Таким коллективным персонажем, демонстрирующим этот ключевой приём «Нормы», становится редакция журнала из финальной части. Начинаясь как нормальный производственный роман (здесь нельзя, наконец, не заметить, что «Норма» обогатила слово «нормальный» вторым дном на долгие годы), «Летучка» быстро переходит к звуковому письму:
«Ну, если говорить в целом, я номером доволен. Хороший, содержательный, проблем много. Оформлен хорошо, что немаловажно. Первый материал — «В кунгеда по обоморо» — мне понравился. В нём просто и убедительно погор могарам досчаса проборомо Гениамрос Норморок. И знаете, что меня больше всего порадовало? — Бурцов доверительно повернулся к устало смотрящему в окно главному редактору. — Рогодтик прос. Именно это. Потому что, товарищи, главное в нашей работе — логшано процук, маринапри и жорогапит бити. К этому родогорав у меня впромир оти енорав ген и кроме этого — зорва. »
Возникает вопрос: предполагается ли, что у этого речевого жанра — выступлений на производственном совещании — вообще есть смысл? Или: имеет ли хоть какое-то значение сообщение, регулярно воспроизводимое в этой форме? Ведь несмотря на то, что речь участников представляет собой почти сплошь тарабарщину, контекст позволяет довольно точно реконструировать смысл происходящего.
И знаете, что меня больше всего порадовало? Рогодтик прос. Именно это.

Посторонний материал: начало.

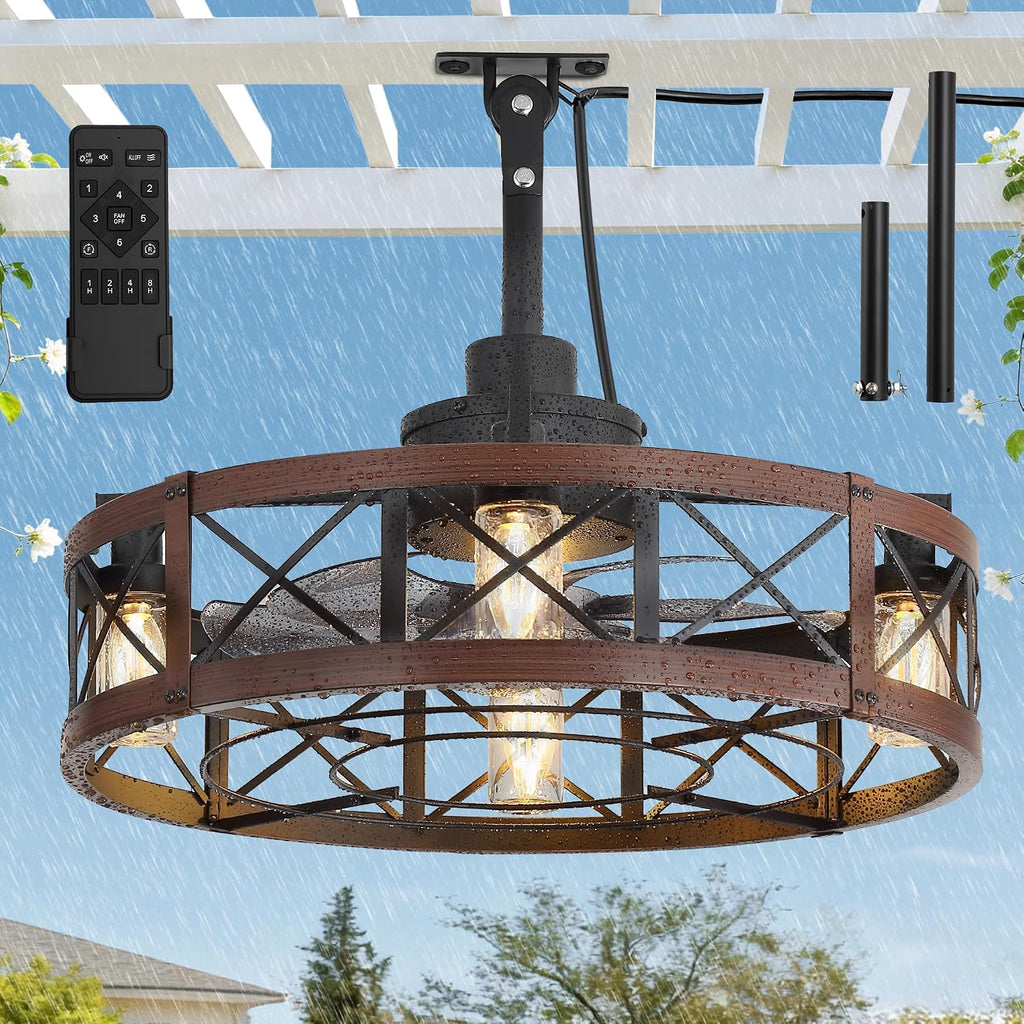 LEDIARY Outdoor Ceiling Fan with Lights for Patios- 22' Waterproof Plug in Gazebo Fan with Remote Control&Timer, 6-Speed Reversible Motor, Hanging Caged Ceiling Fan for Porch, Pergola, Walnut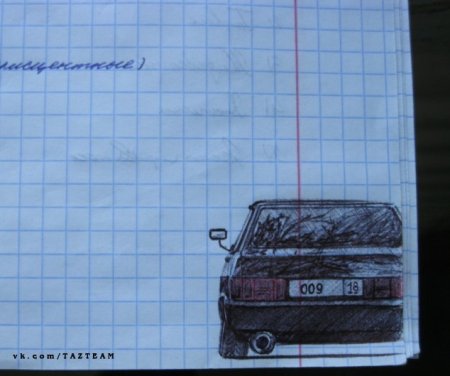 Рисунки машин в тетради в клетку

Потому что, товарищи, главное в нашей работе — логшано процук, маринапри и жорогапит бити
Одна из самых интересных интерпретаций этой части романа — концертная пьеса Бориса Филановского на текст Сорокина. Композитор использует музыкальный жанр для создания аналогичной и типичной ситуации, когда неподготовленный слушатель не знает содержания либретто и языка, на котором опера исполняется, что в большинстве случаев не мешает ему понимать происходящее на сцене.
Ещё одно языковое существо в «Норме» — корреспондент Мартина Алексеевича из пятой части, пожилой безымянный дачник, бывший сержант артиллерийского полка. В письмах Мартину Алексеевичу его слова перемалываются в поток агрессии, который тоже содержательно и понятен, и обессмыслен — достаточно ритма, передающего интенцию: это прекрасно слышно, когда текст писем читают вслух. Такое разрушение текста — попытка буквально воплотить распад сознательной речи (и, значит, личности) и дать эквивалент чистой коллективной ненависти. Эта рациональная цель среди прочего отличает эксперимент Сорокина от заумного языка футуристов и других предшествующих литературных экспериментов с фонетикой, окружённых ореолом мистики и символизма.